With the images removed, reproduce each entry below word for word.

___ The records ___

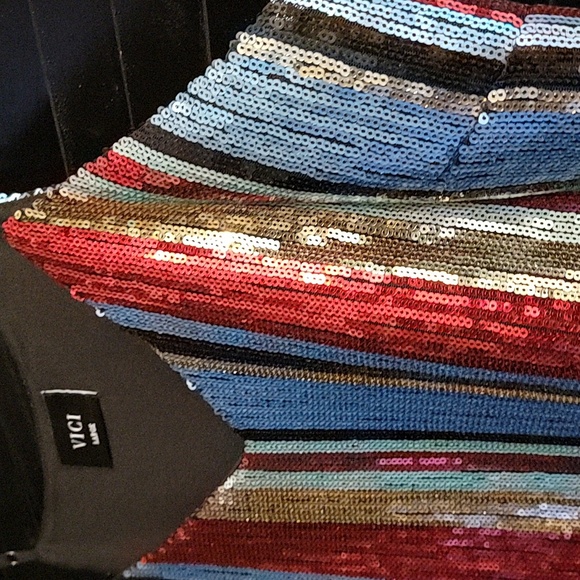 VICI  Woman's Tank top - Picture 3 of 6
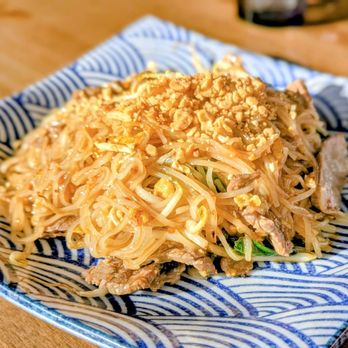 Sen Noodles - Spicy Basil Pad Thai with beef - Bubble Tea Near Me - Salem, New Hampshire Sen Noodles - Spicy Basil Pad Thai with beef - Bubble Tea Near Me - Salem, New Hampshire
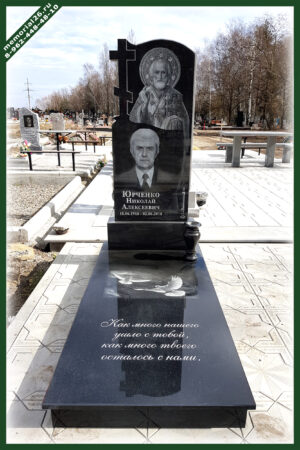 СК 12 | памятник мужчине с иконой и с голубями
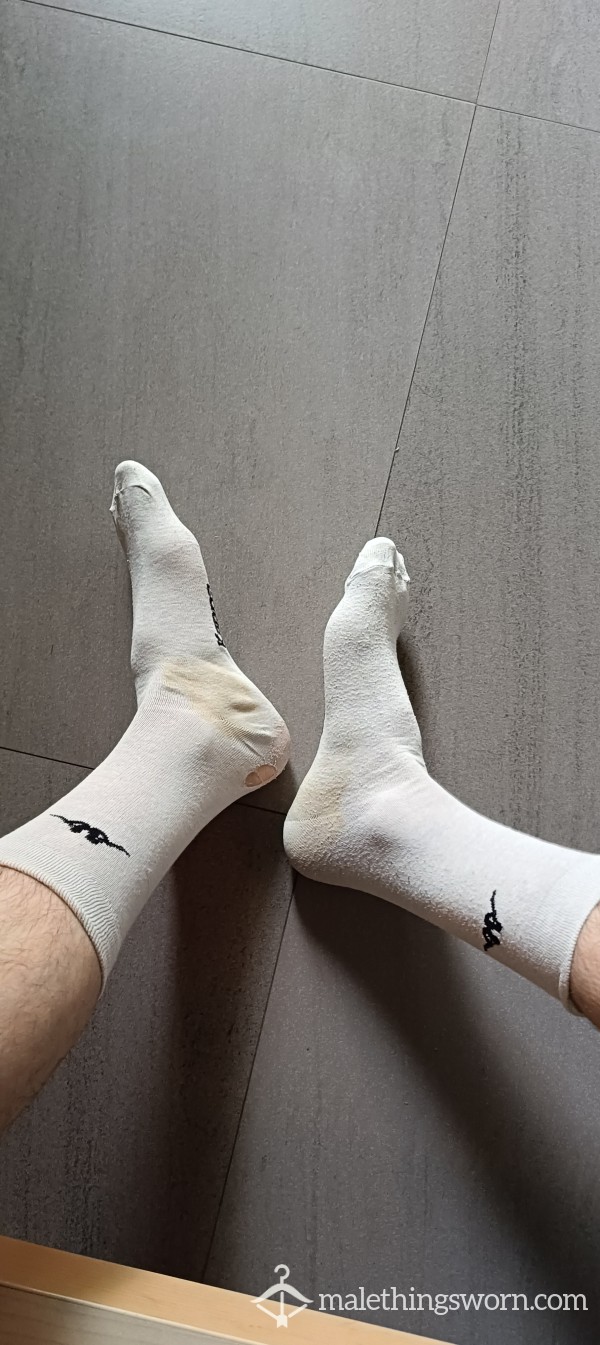 🧦 Calzini Premium Usati – Macchiati, Bucati E Unici Nel Loro Genere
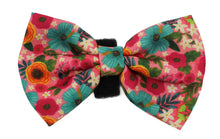 Load image into Gallery viewer, Pablo &amp; Co Floral Edit Bow Tie
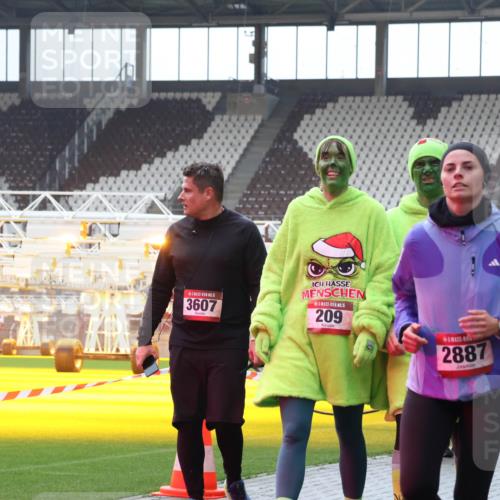 07.12.2025 - St. Pauli X-Mass-Run No. 15 Luisa Fischer http://msf.ph/oto/9383931 07.12.2025 11:27:27 Ziel 15, 3607, 15, 209, 2887, 205, 209, 1080, 2024, 2026, 2072, 2175, 2176, 2234, 2236, 2237, 2240, 2748, 2749, 2789, 2790, 2813, 2887, 2942, 2972, 2979, 2995, 2999, 3004, 3098, 3099, 4647, 4656, 4884 meine-sportfotos.de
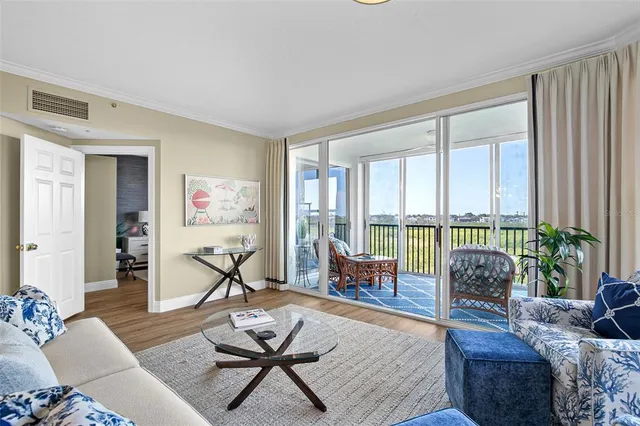 $525,000 | 5420 Eagles Point Circle, Unit 304, Sarasota, FL 34231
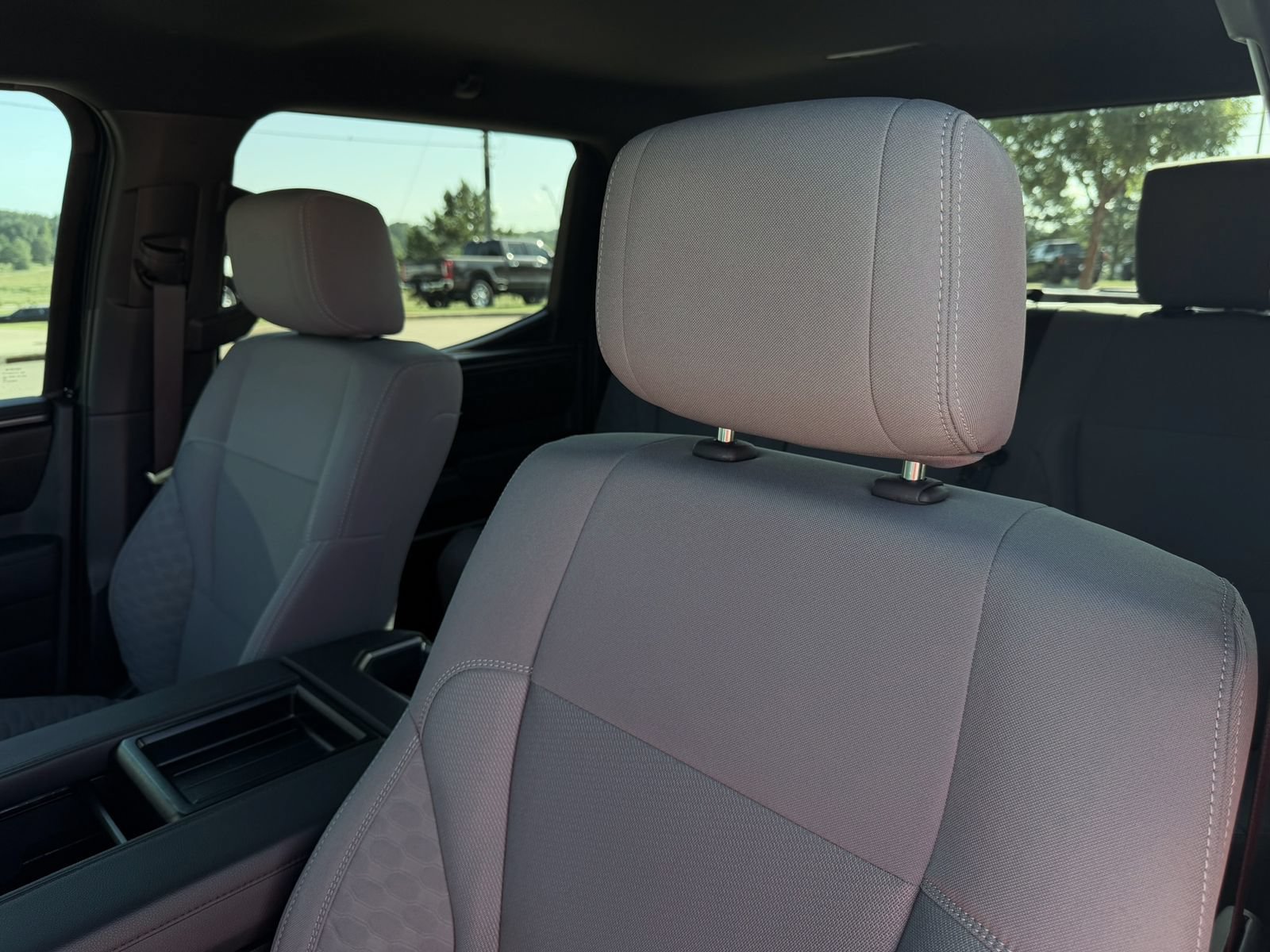 Used 2025 Toyota Tundra SR5 AWD/4WD image 14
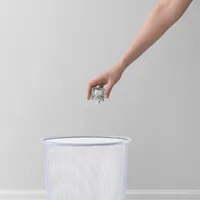 Zeller Present Papierkorb Mesh 15 l, Weiss - Anzahl Behälter: 1 - Detailfarbe: Weiss - Form: Rund - Fassungsvermögen: 15 l - Höhe: 34.5 cm - Material: Metall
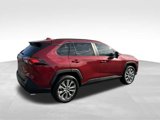 Used 2023 Toyota RAV4 XLE Premium image 5
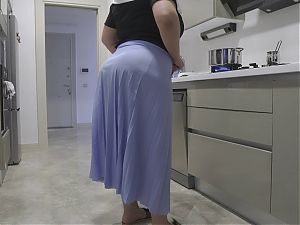 I show stepson my ass and turn him on.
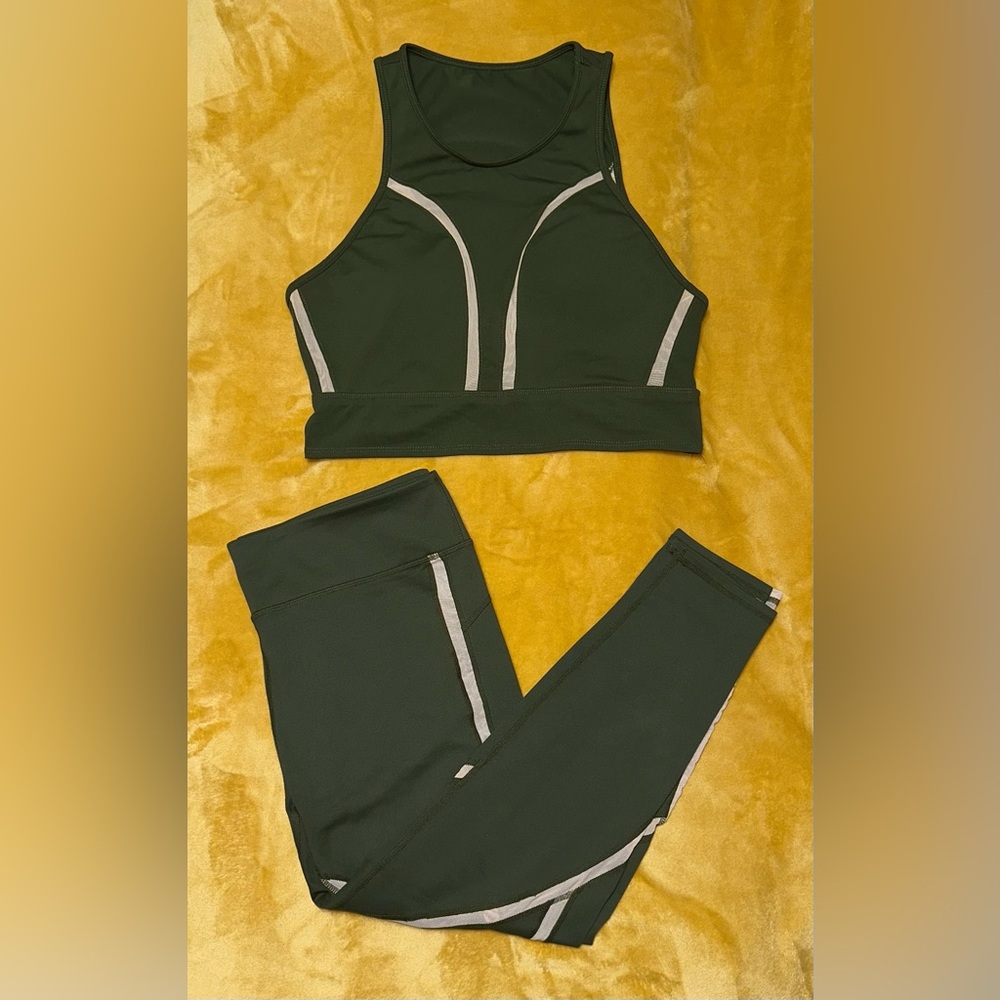 Fabletics Sports Bra and Leggings Set Green with Tan Mesh Detailing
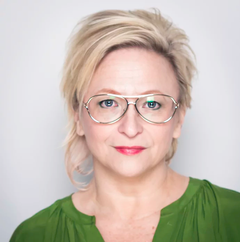 Helena Karjalainen från Eskilstuna är utsedd till Årets Glasögonbärare 2017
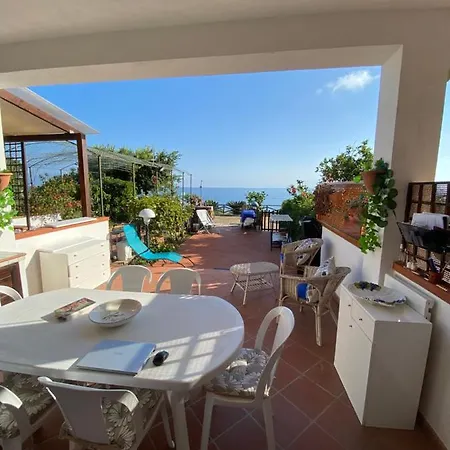 Hibiscus Apartment-casa Per Le Vacanze Vicino Tropea דירה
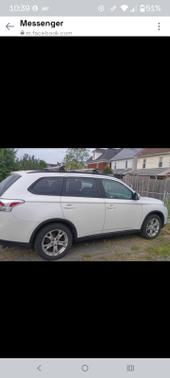 White 2015 Mitsubishi Outlander SE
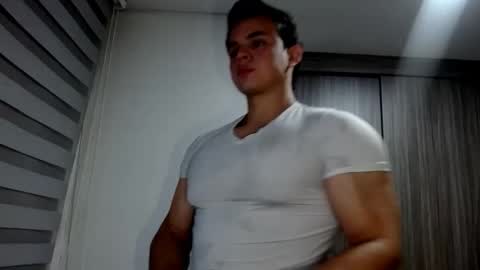 jhon_walkersky online show from April 2026 12:24:01 AM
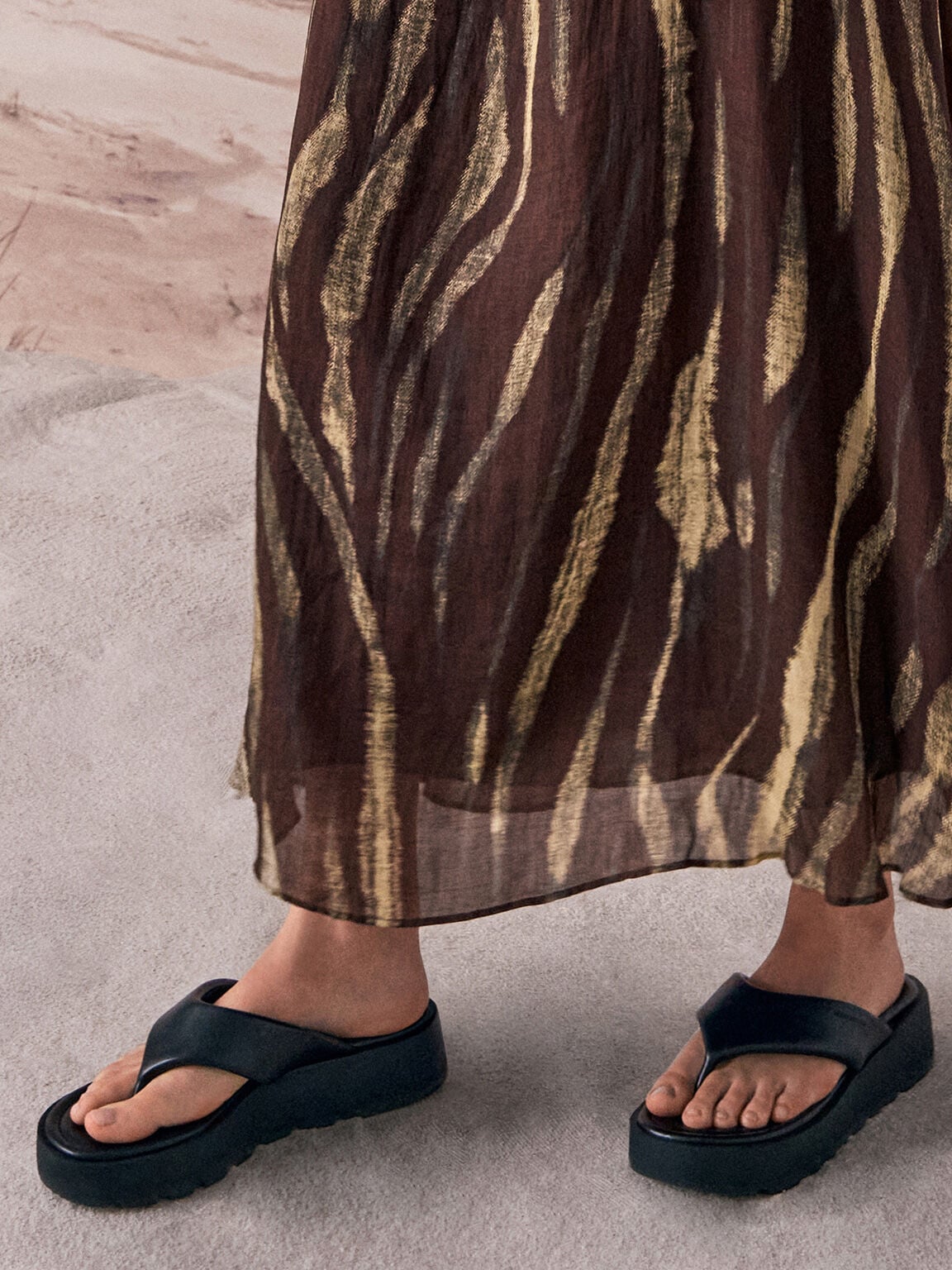 CHARLES & KEITH Top Pick | V-Strap Flatform Thong Sandals - Black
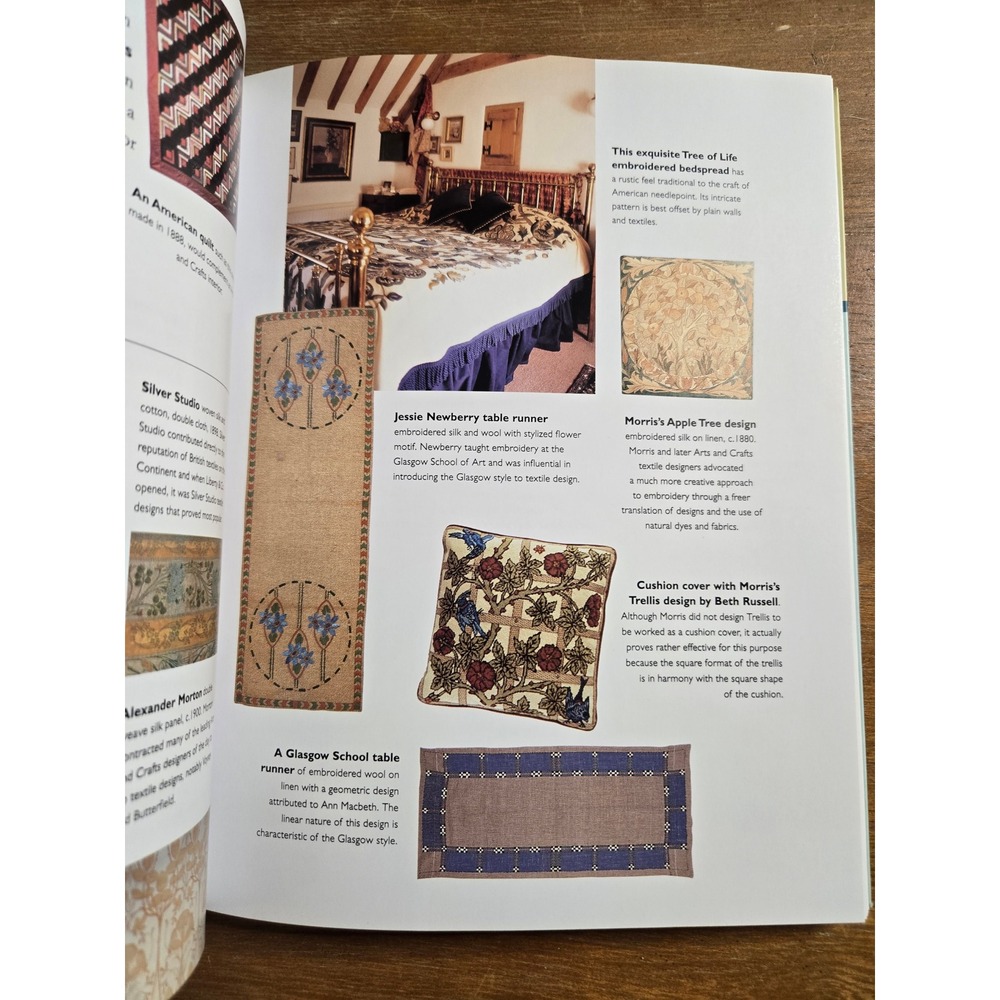 Chronicle Books Living in the Arts and Crafts Style Charlotte Kelley PB Book - Picture 7 of 9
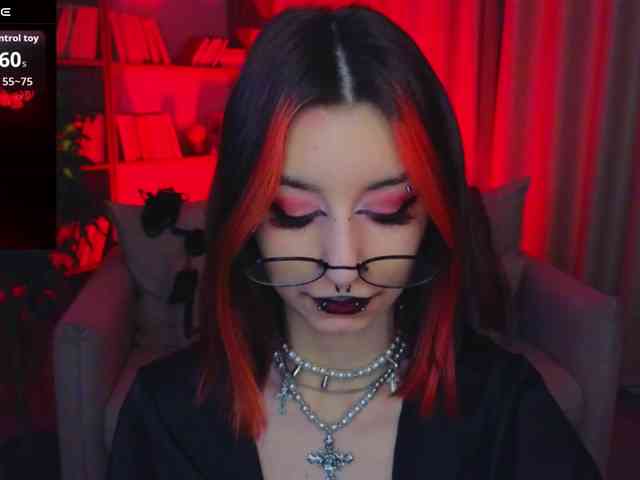 MistressMarcelline webcam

___

• _Result for this exercise_
 VICI  Woman's Tank top - Picture 3 of 6
 Sen Noodles - Spicy Basil Pad Thai with beef - Bubble Tea Near Me - Salem, New Hampshire Sen Noodles - Spicy Basil Pad Thai with beef - Bubble Tea Near Me - Salem, New Hampshire
 СК 12 | памятник мужчине с иконой и с голубями
 🧦 Calzini Premium Usati – Macchiati, Bucati E Unici Nel Loro Genere
 Load image into Gallery viewer, Pablo &amp; Co Floral Edit Bow Tie
 07.12.2025 - St. Pauli X-Mass-Run No. 15 Luisa Fischer http://msf.ph/oto/9383931 07.12.2025 11:27:27 Ziel 15, 3607, 15, 209, 2887, 205, 209, 1080, 2024, 2026, 2072, 2175, 2176, 2234, 2236, 2237, 2240, 2748, 2749, 2789, 2790, 2813, 2887, 2942, 2972, 2979, 2995, 2999, 3004, 3098, 3099, 4647, 4656, 4884 meine-sportfotos.de
 $525,000 | 5420 Eagles Point Circle, Unit 304, Sarasota, FL 34231
 Used 2025 Toyota Tundra SR5 AWD/4WD image 14
 Zeller Present Papierkorb Mesh 15 l, Weiss - Anzahl Behälter: 1 - Detailfarbe: Weiss - Form: Rund - Fassungsvermögen: 15 l - Höhe: 34.5 cm - Material: Metall
 Used 2023 Toyota RAV4 XLE Premium image 5
 I show stepson my ass and turn him on.
 Fabletics Sports Bra and Leggings Set Green with Tan Mesh Detailing
 Helena Karjalainen från Eskilstuna är utsedd till Årets Glasögonbärare 2017
 Hibiscus Apartment-casa Per Le Vacanze Vicino Tropea דירה
 White 2015 Mitsubishi Outlander SE
 jhon_walkersky online show from April 2026 12:24:01 AM
 CHARLES & KEITH Top Pick | V-Strap Flatform Thong Sandals - Black
 Chronicle Books Living in the Arts and Crafts Style Charlotte Kelley PB Book - Picture 7 of 9
 MistressMarcelline webcam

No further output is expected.